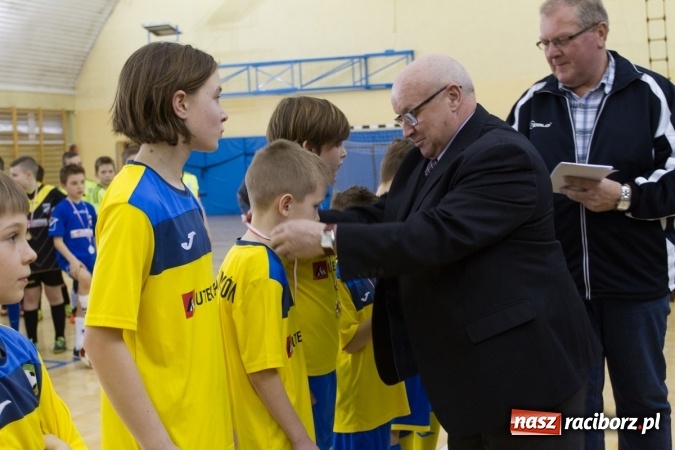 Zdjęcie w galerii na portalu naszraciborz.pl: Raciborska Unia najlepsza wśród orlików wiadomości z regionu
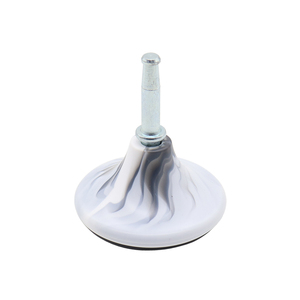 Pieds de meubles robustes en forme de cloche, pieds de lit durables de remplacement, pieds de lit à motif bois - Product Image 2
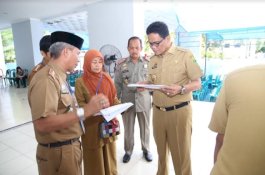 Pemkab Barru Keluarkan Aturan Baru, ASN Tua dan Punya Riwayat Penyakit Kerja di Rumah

________________________

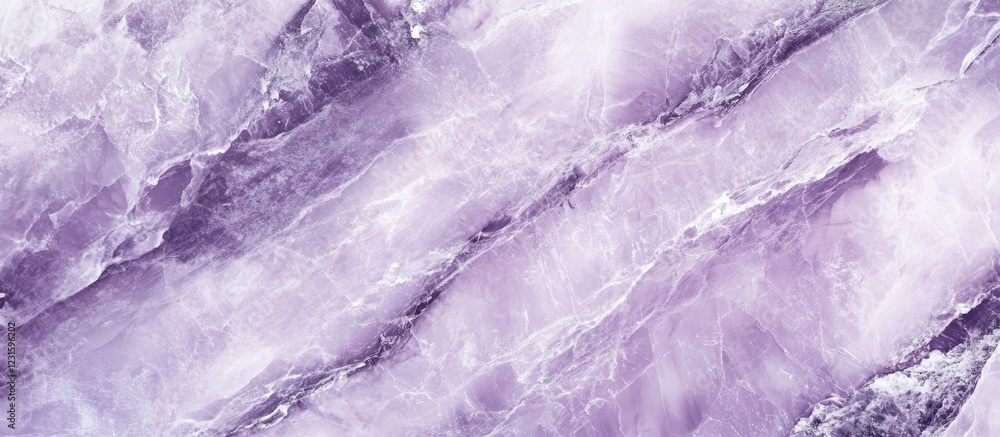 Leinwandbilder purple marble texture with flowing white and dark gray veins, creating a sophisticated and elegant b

________________________

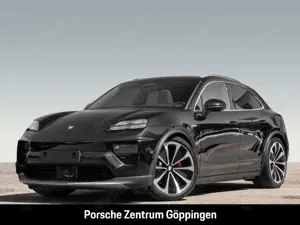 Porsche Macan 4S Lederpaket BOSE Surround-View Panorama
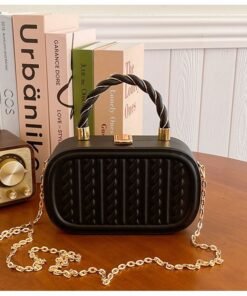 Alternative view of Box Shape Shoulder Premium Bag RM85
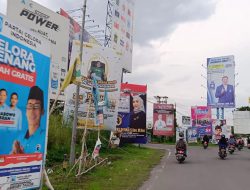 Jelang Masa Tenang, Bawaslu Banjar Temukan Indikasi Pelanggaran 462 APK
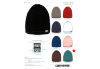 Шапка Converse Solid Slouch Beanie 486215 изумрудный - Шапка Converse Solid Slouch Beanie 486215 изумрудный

________________________

Only one stretch of the entries above is needed: the lines from the one containing "Zdjęcie w galerii" through the one containing "Pemkab Barru Keluarkan". Copy it exactly, without the pictures.

 Zdjęcie w galerii na portalu naszraciborz.pl: Raciborska Unia najlepsza wśród orlików wiadomości z regionu
 Pieds de meubles robustes en forme de cloche, pieds de lit durables de remplacement, pieds de lit à motif bois - Product Image 2
 Pemkab Barru Keluarkan Aturan Baru, ASN Tua dan Punya Riwayat Penyakit Kerja di Rumah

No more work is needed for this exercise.